While the Marvel “Avengers” movies have doubled down on “fun and entertaining,” DC seems to be trying to shore up the “grandiose and profound” corner of the superhero market staked out by “The Dark Knight” trilogy.

They even went so far as to bring in “Knight” director Christopher Nolan as a producer and enlisted him to help write the script with franchise scribe David S. Goyer.

This is probably why underlying all the ephemeral explosions and visual spectacle is the meaty theme of nature vs. nurture, as Superman is torn between a group of invaders from Krypton, his planet of birth, and the Earth and the humans who raised him.

Starring as Superman/Clark Kent/Kal-El is Henry Cavill, a British actor whose only major credit before this was a starring role in the forgettable mythology flick “Immortals.” Cavill certainly looks the part with good looks and muscles to spare, but he also is able to find some depth in what is traditionally a very uncomplicated character.

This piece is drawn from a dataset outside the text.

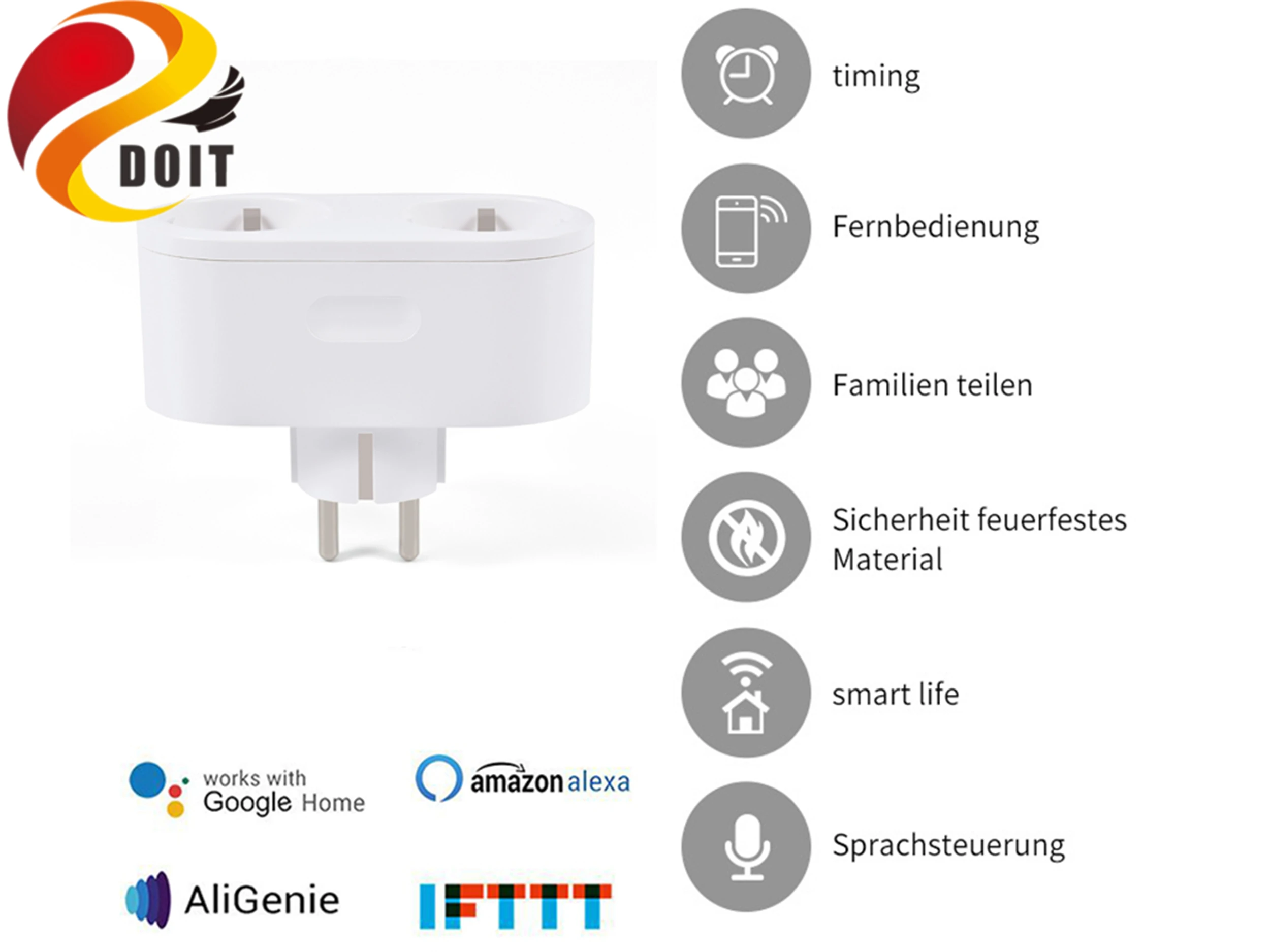 SZDOIT EU Wifi Socket Switch Smart Plug/Outlet APP Control Voice Remote Timing Works With Alexa, Google Home & IFTTT＆ Smart Life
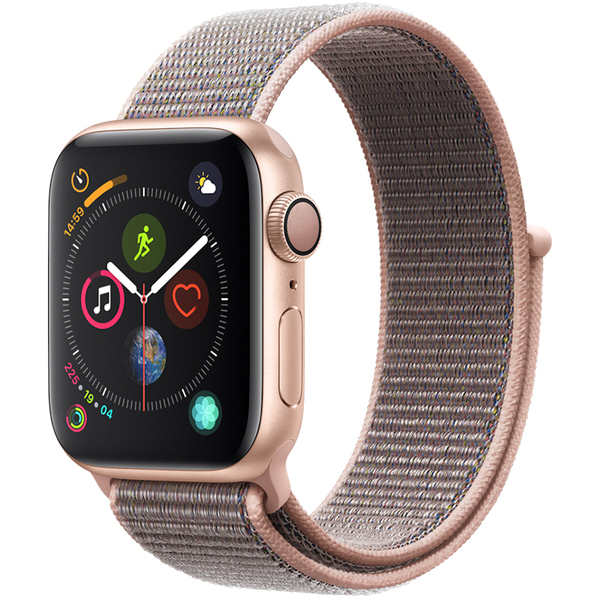Apple&nbsp;Watch Series&nbsp;4, 40mm Kullanv&auml;rinen alumiinikuori ja hietaroosa Sport Loop ‑ranneke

Russell Crowe is great as Superman’s Kryptonian father Jor-El, who blasts his son to Earth just as his own planet is about to be destroyed. He is complemented by Kevin Costner as Clark’s adoptive father Jonathan Kent. Both men teach their son about sacrifice although one preaches about protecting the vulnerable while the other proclaims the importance of a brighter future.

Superman also requires a formidable enemy and an even more formidable Lois Lane. “Man of Steel” delivers both with the great Michael Shannon as Kryptonian General Zod who eyes Earth as a nice place to rule, and the equally great Amy Adams as the intrepid reporter who starts tracking Superman around the globe as his pre-caped acts of heroism catch her attention.

Rounding out the cast are solidly dependable actors like Lawrence Fishburne, Diane Lane, and Christopher Meloni.

My only problem with “Man of Steel” lies with Snyder. The director is a special-effects savant whose cinematic results have run the gambit from impressive (“300”) to mixed (“Watchmen”) to downright awful (“Sucker Punch”).

To his credit, there are some inspired moments here, like the battle sequences on a dying Krypton or Superman learning to fly (a nod to comic-purists, he’s not really flying he’s jumping) and illustrating how terrifying the onset of super-sonic hearing and x-ray vision would be to an eight-year-old.

But the movie becomes a tad lifeless during our hero’s effects-laden battles with Zod and his cohorts. And, for all the lip service given to Superman’s tireless protection of innocent life, not so much of a word is breathed about the thousands upon thousands of anonymous citizens of Metropolis who had to have been killed with each cataclysmic explosion or collapsing skyscraper.

Even so, “Man of Steel” is at its best when living, breathing actors share the screen and, in spite of any shortcomings, this movie is still leaps and bounds better than the dull and quickly forgotten “Superman Returns.”

A sequel to “Man of Steel” has already been greenlit and the future of this franchise looks bright. Somehow the world seems a little better whenever Superman is saving the day at a cineplex near you.

“Man of Steel” is rated PG-13 for intense sequences of sci-fi violence, action, and destruction, and for some language.